Corroboration of Accomplice Witness Testimony

In his first issue, appellant contends that the non-accomplice evidence is insufficient to connect him to the commission of the offense. Specifically, appellant contends that “there is no non-accomplice evidence tending to show that Appellant acted with intent to assist, aid or encourage the commission of the offense with the specific intent to commit the offense of aggravated robbery.” In addition, appellant contends that Martinez and Gallegos failed to identify him in a line up, photo spread, or in the court room and that Martinez’s height and weight description was insufficient to connect him to the offense because the record is silent regarding appellant’s actual height and weight.

A.      Standard of Review

Article 38.14 of the Texas Code of Criminal Procedure provides that a conviction cannot stand upon accomplice testimony unless it is corroborated by other evidence that tends to connect the accused with the offense. Tex. Code Crim. Proc. Ann. art. 38.14 (Vernon 2005); Solomon v. State, 49 S.W.3d 356, 361 (Tex. Crim. App. 2001); Cao v. State, 183 S.W.3d 707, 710 (Tex. App.—Houston [1st Dist.] 2005, pet. ref’d). Corroborating evidence is insufficient if it merely shows the commission of an offense. Tex. Code Crim. Proc. Ann. art. 38.14; Solomon, 49 S.W.3d at 361; Cao, 183 S.W.3d at 710. In making our review, we “eliminate all of the accomplice testimony from consideration and then examine the remaining portions of the record to see if there is any evidence that tends to connect the accused with the commission of the offense.” Castillo v. State, 221 S.W.3d 689, 691 (Tex. Crim. App. 2007). The corroborating evidence need not be sufficient by itself to establish guilt; there simply needs to be “other” evidence “tending to connect” the defendant to the offense alleged in the indictment. Id. The non-accomplice evidence need not directly link the accused to the commission of the offense nor need be sufficient on its own to establish the accused’s guilt beyond a reasonable doubt. Id.; Cao, 183 S.W.3d at 710. Article 38.14 merely requires some non-accomplice evidence tending to connect the accused with the crime, not non-accomplice evidence for every element of the crime. Cao, 183 S.W.3d at 711 (citing Vasquez v. State, 56 S.W.3d 46, 48 (Tex. Crim. App. 2001)).

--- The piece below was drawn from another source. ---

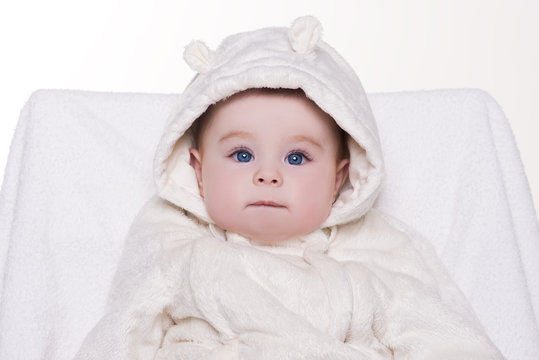 portrait of a cute baby in white hood bear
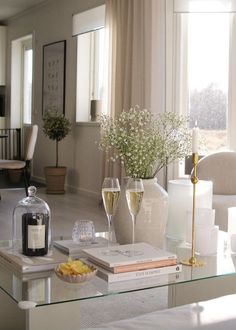 a living room filled with furniture and a glass table topped with two glasses of wine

“The appellant’s liability as a principal or under a parties theory is of no relevance under an Article 38.14 analysis. The question is whether some evidence ‘tends to connect’ him to the crime; the connection need not establish the exact nature of his involvement (as a principal or party).” Joubert v. State, 235 S.W.3d 729, 731 (Tex. Crim. App. 2007).

B.      Analysis

          The trial court instructed the jury that the witness Lee was an accomplice as a matter of law. In addition, the trial court instructed the jury as to the corroboration required. Eliminating the testimony of Lee from consideration, we conclude that the record contains independent evidence that tends to connect appellant with the commission of the offense. See Castillo, 221 S.W.3d at 691.Appellant attested, through his statement admitted at trial, that he was riding in the back seat of the Explorer with Holmes and Lee before, during, and after the commission of the offense at issue. See Brown v. State, 270 S.W.3d 564, 568 (Tex. Crim. App. 2007) (recognizing that corroboration may come from the accused and appellant’s admission that he “was there” when offense occurred is some evidence that tends to connect him to commission of offense). Evidence that appellant was in the company of the accomplice at or near the time or place of the crime is proper corroborating evidence to support a conviction. See Hernandez v. State, 939 S.W.2d 173, 178 (Tex. Crim. App. 1997).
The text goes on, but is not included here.